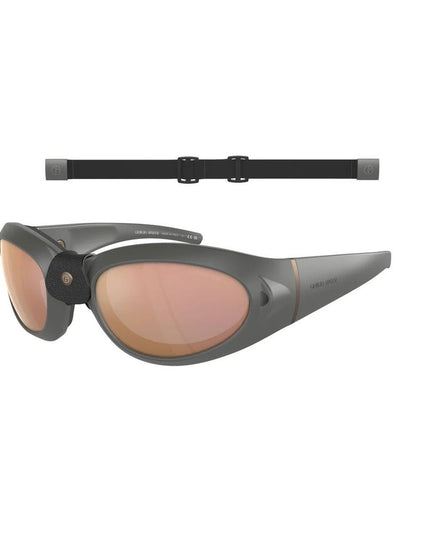 Giorgio Armani Black Acetate Sunglasses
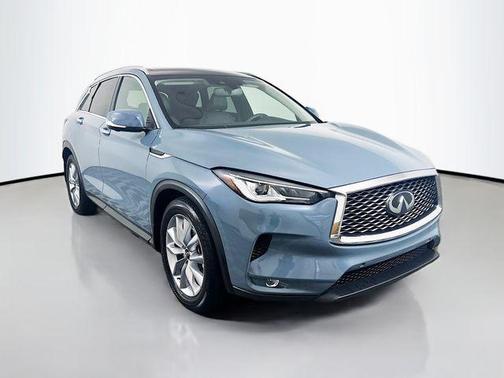 Slate Gray 2022 INFINITI QX50 ESSENTIAL AWD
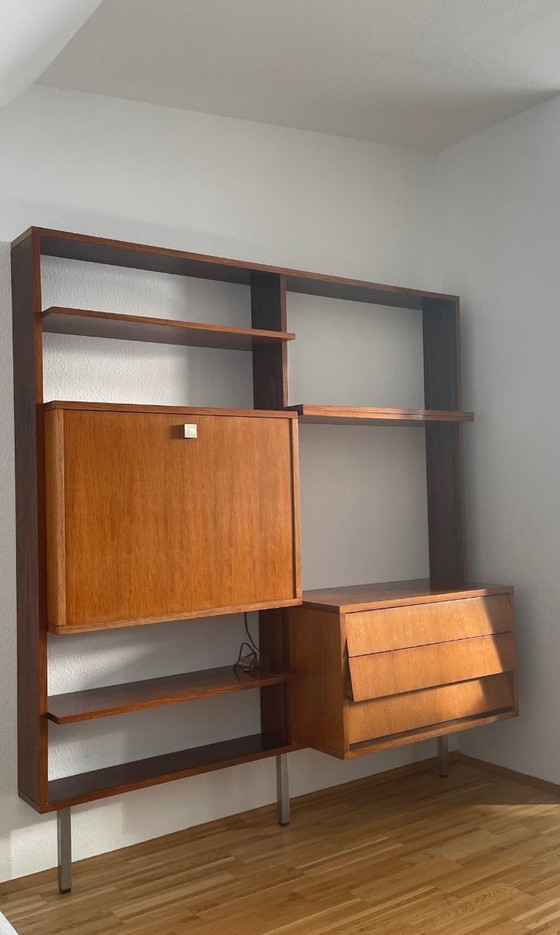 Image 1 of Zeldzaam verzamelobject - vintage design wandmeubel van Alfred Hendrickx voor Belform, jaren 60.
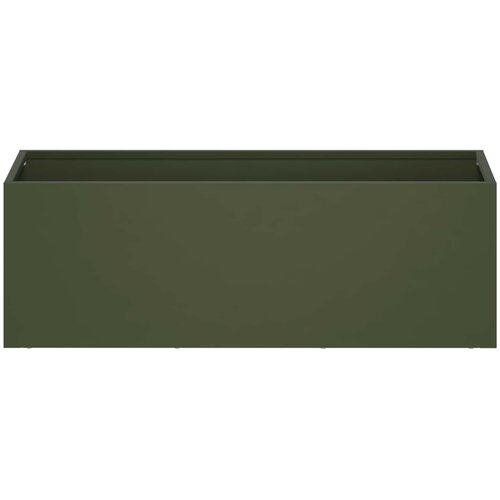  Vrtna saksija Maslinastozelena 60 x 20 x 20 cm Čelična vrata Slike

§ **Work task**: Once you find the line that contains "Image 1 of Zeldzaam", give it again along with every later line through the end of the data, word for word, minus the pictures.

§ **Response to the task**:
 Image 1 of Zeldzaam verzamelobject - vintage design wandmeubel van Alfred Hendrickx voor Belform, jaren 60.
  Vrtna saksija Maslinastozelena 60 x 20 x 20 cm Čelična vrata Slike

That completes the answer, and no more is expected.